In virtue hereof, MPC and the SELLERS bind themselves to instruct the companies or persons responsible for conducting the environmental base line study and the labour audit, to simultaneously forward their reports to MPC, the SELLERS and the BANK.
(ii) Without prejudice to the provisions set forth in the preceding items (i), within sixty (60) days following the date of execution of the agreement for the transfer of the concessions and other assets detailed in Exhibit A of the Master Agreement (as a result of the execution of the option granted by virtue of the Option Agreement) MPC and the SELLERS commit themselves to entrust the companies or persons responsible for conducting the environmental base line study and a labour audit indicated in item (i) hereinabove, so that they may prepare a new report determining therein: (A) if the environmental and/or labour-related liabilities detailed in the environmental base line study and the labour audit referred to in the preceding paragraph, yet subsist or have been rectified by DUVAZ; and (B) if the environmental and/or labour liabilities yet subsist or have been rectified by DUVAZ shall be demanded or not from MPC. The report referred to in this paragraph shall be referred to
35
as the “REPORT”. The cost of the Report shall be assumed in equal proportions by MPC on one hand and by the SELLERS on the other.
By virtue of this Escrow Agreement, MPC and the SELLERS bind themselves to instruct the companies or persons responsible for conducting the environmental base line study and the labour audit, to simultaneously forward their reports to MPC, the SELLERS and the BANK.
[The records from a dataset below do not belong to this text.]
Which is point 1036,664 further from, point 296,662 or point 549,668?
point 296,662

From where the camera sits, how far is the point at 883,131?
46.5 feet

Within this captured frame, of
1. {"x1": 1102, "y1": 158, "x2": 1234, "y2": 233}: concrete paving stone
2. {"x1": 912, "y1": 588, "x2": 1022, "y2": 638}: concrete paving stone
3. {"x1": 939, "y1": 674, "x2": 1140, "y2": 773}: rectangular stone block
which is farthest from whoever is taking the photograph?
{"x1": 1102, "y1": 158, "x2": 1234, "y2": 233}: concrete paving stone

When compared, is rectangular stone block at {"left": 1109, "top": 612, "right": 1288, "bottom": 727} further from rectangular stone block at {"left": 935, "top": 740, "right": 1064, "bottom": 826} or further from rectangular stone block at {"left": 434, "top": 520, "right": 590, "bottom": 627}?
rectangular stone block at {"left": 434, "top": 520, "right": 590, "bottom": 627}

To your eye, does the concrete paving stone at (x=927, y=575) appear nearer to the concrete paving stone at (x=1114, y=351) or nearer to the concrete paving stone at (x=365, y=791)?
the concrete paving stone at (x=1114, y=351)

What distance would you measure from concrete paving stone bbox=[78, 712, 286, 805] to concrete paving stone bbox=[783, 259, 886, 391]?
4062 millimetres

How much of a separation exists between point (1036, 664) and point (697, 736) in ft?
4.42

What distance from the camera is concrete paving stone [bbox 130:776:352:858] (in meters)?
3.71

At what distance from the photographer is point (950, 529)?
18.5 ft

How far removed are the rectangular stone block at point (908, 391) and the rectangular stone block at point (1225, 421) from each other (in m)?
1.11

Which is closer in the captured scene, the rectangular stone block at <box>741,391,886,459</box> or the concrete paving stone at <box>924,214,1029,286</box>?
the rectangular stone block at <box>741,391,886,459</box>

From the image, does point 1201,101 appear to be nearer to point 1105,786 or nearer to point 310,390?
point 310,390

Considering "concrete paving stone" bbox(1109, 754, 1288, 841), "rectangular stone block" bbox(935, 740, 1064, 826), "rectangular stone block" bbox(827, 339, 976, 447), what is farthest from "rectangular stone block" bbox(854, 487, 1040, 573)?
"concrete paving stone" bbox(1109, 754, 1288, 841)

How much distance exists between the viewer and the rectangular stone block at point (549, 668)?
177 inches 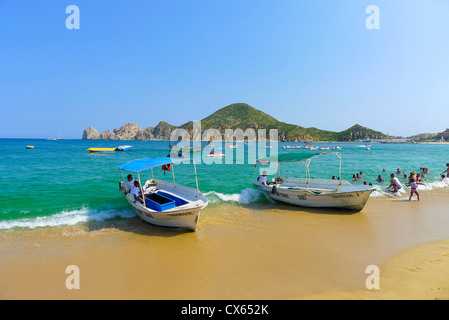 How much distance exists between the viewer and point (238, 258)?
8.06m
The parties do hereby place on record that the preparation and the effects of the Report, in spite of not being agreed upon initially by the parties in the Master Agreement, do not contradict the provisions contained in the said document, thereby constituting a supplementary agreement which falls within the purpose the parties are trying to achieve with the execution of the Master Agreement, and shall also allow the adjustments to be made to the purchase price of the Class “A” Shares
e) Release of the Deposit
The BANK shall only allow the SELLERS or MPC to withdraw the funds that constitute the DEPOSIT, taking into account the following considerations:
(i) If the results of the report determine that the environmental and/or labour liabilities still exist (and/or have not been rectified by DUVAZ) as at the date of the issue of the Report and as at such date the liabilities are demandable to MPC, then, MPC has the right to effect the adjustments to the purchase price of the Class “A” Shares, under the terms and conditions indicated in Article 5, Point 5.4 and Article Six, Point 6.1 of the Master Agreement.
In order to effect the adjustments indicated in the foregoing paragraph, within five (5) days following the date on which MPC, the SELLERS and the BANK are notified with the Report, the SELLERS and MPC shall execute a joint notice to the BANK, authorizing MPC to withdraw from the Escrow Account, the amount that constitutes the total amount of environmental and/or labour liabilities determined in the Report. Once MPC has withdrawn the said funds, the SELLERS shall have the right to withdraw any amount remaining in the Escrow Account, if any.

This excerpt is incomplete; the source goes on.